There were stirrings of a spring market in April as both existing home sales and the inventory of available homes increased.  The National Association of Realtors® (NAR) said that home price growth also slowed, an encouraging sign of continued affordability.

Existing home sales which include completed transactions on single family and town homes, condominiums, and coops, rose 1.3 percent in April to a seasonally adjusted annual rate of 4.65 million.  It was the first increase thus far in 2014 and sales remain 6.8 percent below the 4.99 million unit rate in April 2013.   March sales were at a rate of 4.59 million.

Sales of single-family homes improved by 0.5 percent to a seasonally adjusted annual rate of 4.06 million in April from 4.04 million in March, but are 7.7 percent below the 4.40 million pace a year ago.  Existing condominium and co-op sales rose 7.3 percent to an annual rate of 590,000 units in April from 550,000 units in March, but are unchanged from April 2013.

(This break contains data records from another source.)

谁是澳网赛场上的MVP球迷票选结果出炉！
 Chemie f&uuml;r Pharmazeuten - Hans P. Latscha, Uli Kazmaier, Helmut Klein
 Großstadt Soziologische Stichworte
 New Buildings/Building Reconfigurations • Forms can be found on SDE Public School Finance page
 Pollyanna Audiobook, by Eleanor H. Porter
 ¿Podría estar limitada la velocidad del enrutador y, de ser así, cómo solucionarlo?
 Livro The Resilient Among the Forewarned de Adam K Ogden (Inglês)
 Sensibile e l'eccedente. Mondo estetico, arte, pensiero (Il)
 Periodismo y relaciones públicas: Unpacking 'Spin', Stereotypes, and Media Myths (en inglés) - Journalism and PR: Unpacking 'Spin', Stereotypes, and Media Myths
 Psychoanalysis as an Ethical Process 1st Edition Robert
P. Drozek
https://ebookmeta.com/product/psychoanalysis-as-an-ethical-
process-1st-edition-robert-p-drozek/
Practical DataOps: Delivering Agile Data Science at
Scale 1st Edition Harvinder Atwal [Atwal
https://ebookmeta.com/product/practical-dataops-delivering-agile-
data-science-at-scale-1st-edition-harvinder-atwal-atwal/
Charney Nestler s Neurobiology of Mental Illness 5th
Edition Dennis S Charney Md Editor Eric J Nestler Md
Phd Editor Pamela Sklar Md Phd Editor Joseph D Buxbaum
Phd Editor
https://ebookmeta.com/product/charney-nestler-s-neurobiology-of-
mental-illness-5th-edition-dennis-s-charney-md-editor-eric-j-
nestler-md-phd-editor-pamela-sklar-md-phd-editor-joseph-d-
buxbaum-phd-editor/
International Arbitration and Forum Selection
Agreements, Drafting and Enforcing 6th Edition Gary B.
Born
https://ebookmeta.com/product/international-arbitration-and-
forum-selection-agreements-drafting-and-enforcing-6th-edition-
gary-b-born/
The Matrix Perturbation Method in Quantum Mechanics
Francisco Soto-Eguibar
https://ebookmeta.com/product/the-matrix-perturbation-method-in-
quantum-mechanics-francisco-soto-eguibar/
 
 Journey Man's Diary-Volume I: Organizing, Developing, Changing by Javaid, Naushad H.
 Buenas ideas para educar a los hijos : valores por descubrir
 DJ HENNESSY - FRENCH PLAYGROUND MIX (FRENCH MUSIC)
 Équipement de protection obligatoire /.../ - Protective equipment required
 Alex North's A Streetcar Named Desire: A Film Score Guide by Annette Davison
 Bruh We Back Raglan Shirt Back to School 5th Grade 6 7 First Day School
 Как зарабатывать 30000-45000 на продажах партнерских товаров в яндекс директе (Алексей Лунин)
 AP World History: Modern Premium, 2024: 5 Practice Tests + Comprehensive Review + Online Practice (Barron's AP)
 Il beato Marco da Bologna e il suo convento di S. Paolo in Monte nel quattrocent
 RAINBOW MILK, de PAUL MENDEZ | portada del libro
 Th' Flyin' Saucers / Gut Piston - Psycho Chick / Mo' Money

Lawrence Yun, NAR chief economist, said the improvement was expected.  "Some growth was inevitable after sub-par housing activity in the first quarter, but improved inventory is expanding choices and sales should generally trend upward from this point," he said. "Annual home sales, however, due to a sluggish first quarter, will likely be lower than last year."

The inventory of existing homes jumped 16.8 percent to 2.29 million, a 5.9 month supply compared to 5.1 months at the end of March.  The unsold inventory is 6.5 percent higher than a year ago, when there was a 5.2-month supply.

"We'll continue to see a balancing act between housing inventory and price growth, which remains stronger than normal simply because there have not been enough sellers in many areas. More inventory and increased new-home construction will help to foster healthy market conditions," Yun said.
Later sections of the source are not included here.